Banco Nacional de Obras y Servicios Públicos, S.N.C.
- Type: State owned
- Industry: Financial services
- Founded: 1933; 93 years ago as Banco Nacional Hipotecario Urbano y de Obras Públicas, S.A.
- Headquarters: Mexico City, Mexico,
- Key people: Jorge Mendoza Director General
- Products: Banking, Financial
- Number of employees: 900
- Website: www.gob.mx/banobras

= Banobras =

Mexican development bank

Banco Nacional de Obras y Servicios Públicos, S.N.C. (Banobras; lit. 'National Bank of Public Works and Services') is a state owned development bank in Mexico. Its core business is sub national (Municipal and State governments) and project finance.
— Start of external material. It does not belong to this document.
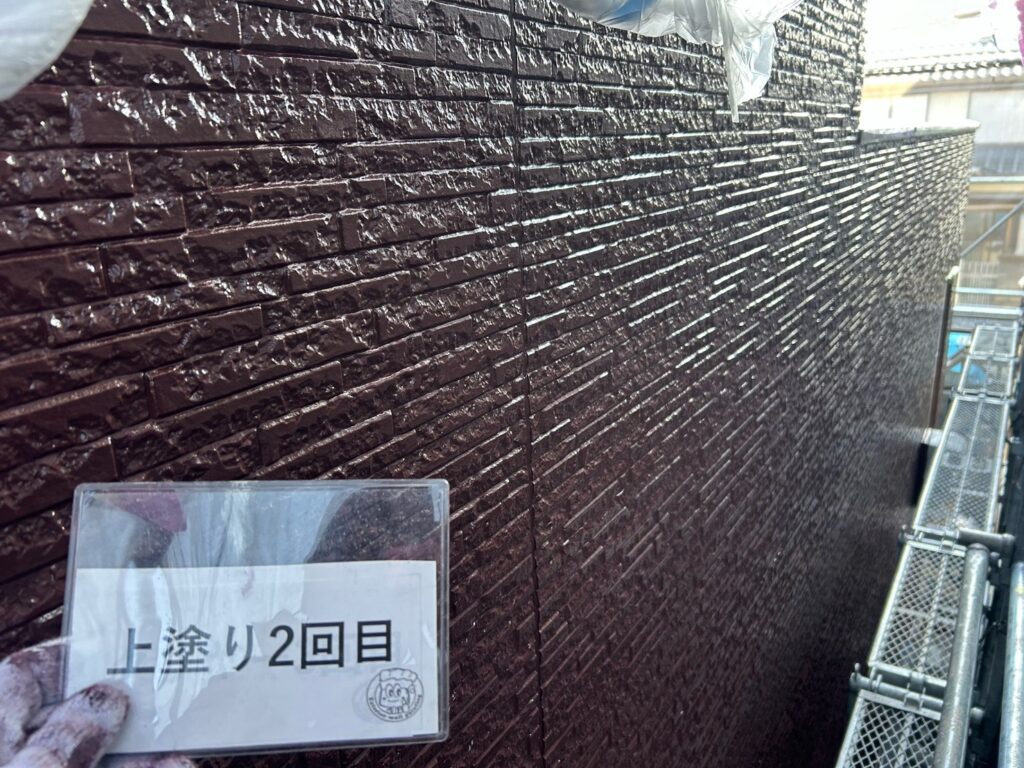 上塗り2回目<br />
完成です。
It was founded in 1933 as Banco Nacional Hipotecario Urbano y de Obras Públicas, S.A. (National Urban Mortgage and Public Works Bank) by president Abelardo L. Rodríguez.

Until the 1985 Mexico City earthquake, its headquarters were located at the Torre Insignia, a pyramid-shaped building designed by one of Mexico's most noted architects, Mario Pani.

As of December 2005, the bank has a loan portfolio of more than US$10 billion and a tier 1 capital of more than a 1 billion.